There is another way of looking at the statement -
 all customers in Indiana and Ohio
which seems simpler to me than producing the new phrase -
 all customers in Indiana  AND all customers in Ohio
instead of doing this why not treat Indiana and Ohio as a new single
conceptual entity giving -
 all customers in (Indiana and Ohio).

This seems simpler to me. It would mean the database would have to
allow aggregations of this type, but I don't see that as being
particularly problematic.

Have I missed some subtle point here?

Jim Cowie.

japlaice@watrose.UUCP (John A. Plaice) (04/11/84)

There are several philosophical problems with treating
`Indiana and Ohio' as a single entity.

The first is that the Fregean idea that the sense of
a sentence is based on the sense of its parts,
which is thought valid by most philosophers,
no longer holds true.

The second is that if we use that idea in this situation,
then it would probably seem reasonable to use
Quine's ideas for adjectives, namely that 
`unicorn', `hairy unicorn', `small, hairy unicorn'
(or other similar examples) are all separate entities,
and I think that it is obvious that trying to
derive a reasonabnle semantic/syntactic theory for
any reasonable fragment of English would become
virtually imposible.

emma@uw-june (Joe Pfeiffer) (04/12/84)

Seeing this solution in front of me, it is immediately trivially
obvious, and a much more natural translation of the phrase.  Now why
didn't I think of that?

Just by the way, it seems intriguing to me that the phrase (Indiana and
Ohio) really means (Indiana or Ohio).  Looks like some contextual
information is still needed to parse this one correctly...
-Joe P.

bbanerje@sjuvax.UUCP (B. Banerjee) (04/13/84)

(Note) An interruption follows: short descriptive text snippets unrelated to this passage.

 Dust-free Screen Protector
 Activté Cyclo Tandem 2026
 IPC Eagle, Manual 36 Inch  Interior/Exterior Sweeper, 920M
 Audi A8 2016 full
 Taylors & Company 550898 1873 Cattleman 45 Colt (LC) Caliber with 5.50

>> There is another way of looking at the statement -
>>  all customers in Indiana and Ohio
>> which seems simpler to me than producing the new phrase -
>>  all customers in Indiana  AND all customers in Ohio
>> instead of doing this why not treat Indiana and Ohio as a new single
>> conceptual entity giving -
>>  all customers in (Indiana and Ohio).
>> 
>> This seems simpler to me. It would mean the database would have to
>> allow aggregations of this type, but I don't see that as being
>> particularly problematic.
>> 
>> Jim Cowie.

My admittedly inconsequential contribution to this.

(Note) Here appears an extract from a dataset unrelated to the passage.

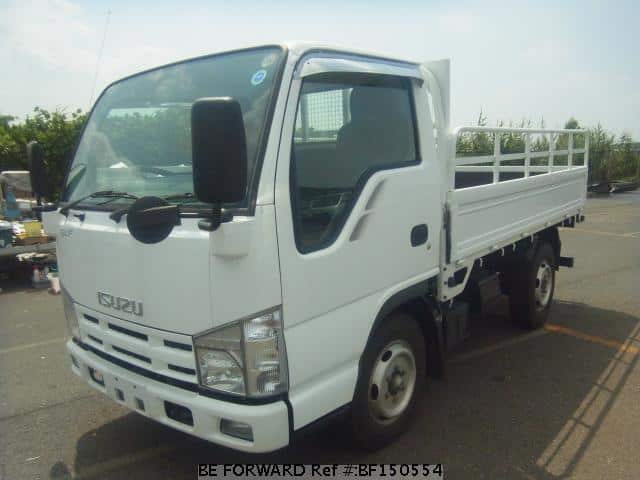 Download Used 2007 Isuzu Elf Truck Bkg Njr85a For Sale Bf150554 Be Forward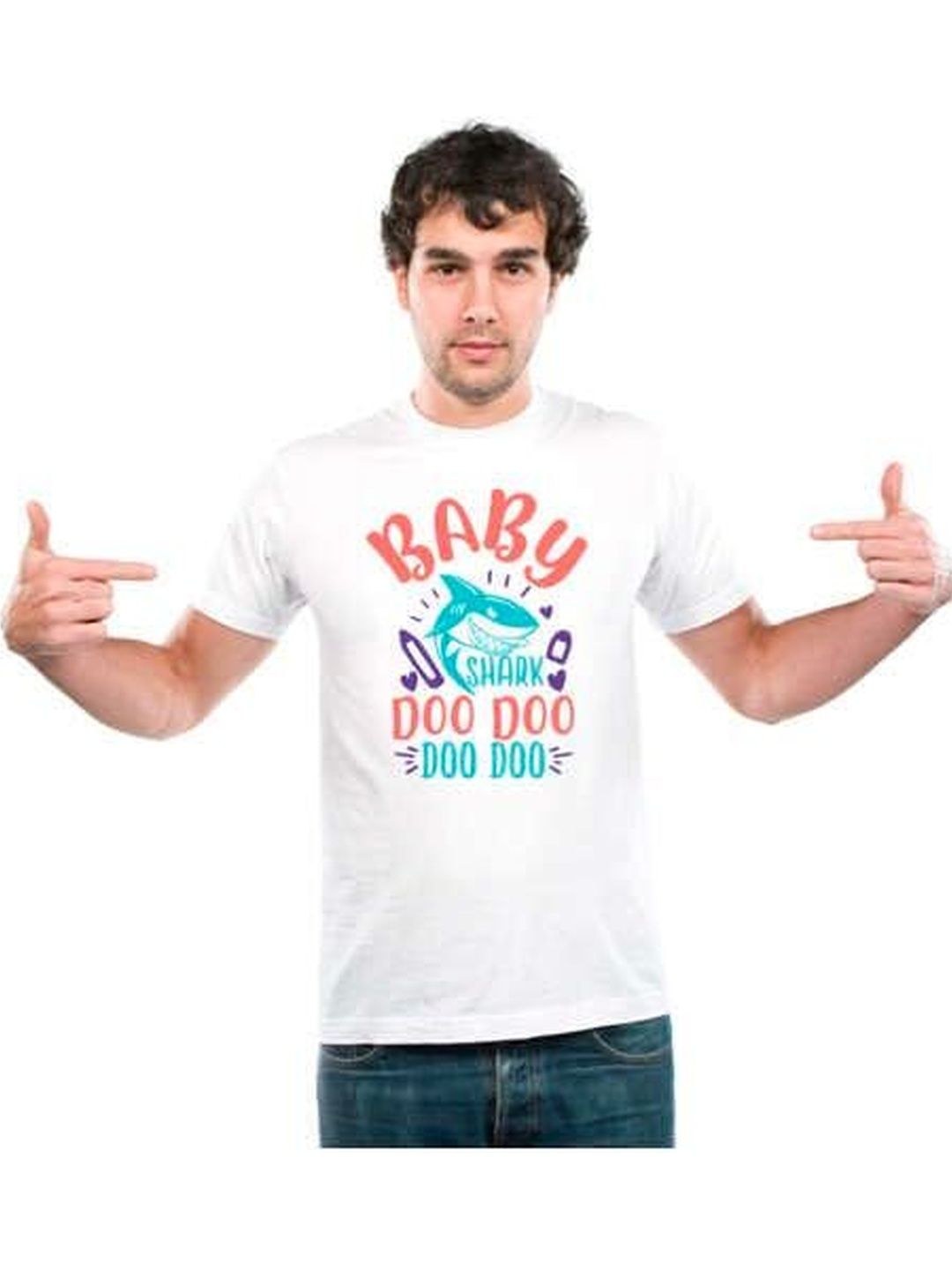 UDNAG Unisex Typography Printed T-shirt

all customers in Indiana AND all customers in Ohio seems to want the
following :

(Pardon the Notation!)
[all customers such that |
	{customer C- Indiana} XOR {customer C- Ohio}
]

This seems to be described best as
[all customers such that |
	customer C- {Indiana U Ohio - (Indiana (~) Ohio)}
]

Assuming that no customer can be in Indiana and Ohio simultaneously,
the intersection of the sets would be NULL.  Thus we would have
[all customers such that |
	customer C- {Indiana U Ohio}
]

Here, Indiana and Ohio correspond to sets of base type customer.
C- denotes set membership and (~) is intended to denote set
intersection.

So far so good.  However, the normal sense of an AND as I understand
it, corresponds to a set intersection.  The formulation is therefore
counter-intutive.

I'm not an AI type, so I would appreciate being set straight.  Flames
will be cheerfully ignored.

Regards,
-- 


				Binayak Banerjee
		{allegra | astrovax | bpa | burdvax}!sjuvax!bbanerje

marcel@uiucdcs.UUCP (04/16/84)

#R:sri-arpa:-55100:uiucdcs:32300023:000:1646
uiucdcs!marcel    Apr 16 11:12:00 1984

>>From watrose!japlaice
>>		There are several philosophical problems with treating
>>	`Indiana and Ohio' as a single entity.
>>		The first is that the Fregean idea that the sense of a sentence
>>	is based on the sense of its parts, which is thought valid by most
>>	philosophers, no longer holds true.
>>		The second is that ... `unicorn', `hairy unicorn', `small,
>>	hairy unicorn' ... are all separate entities ...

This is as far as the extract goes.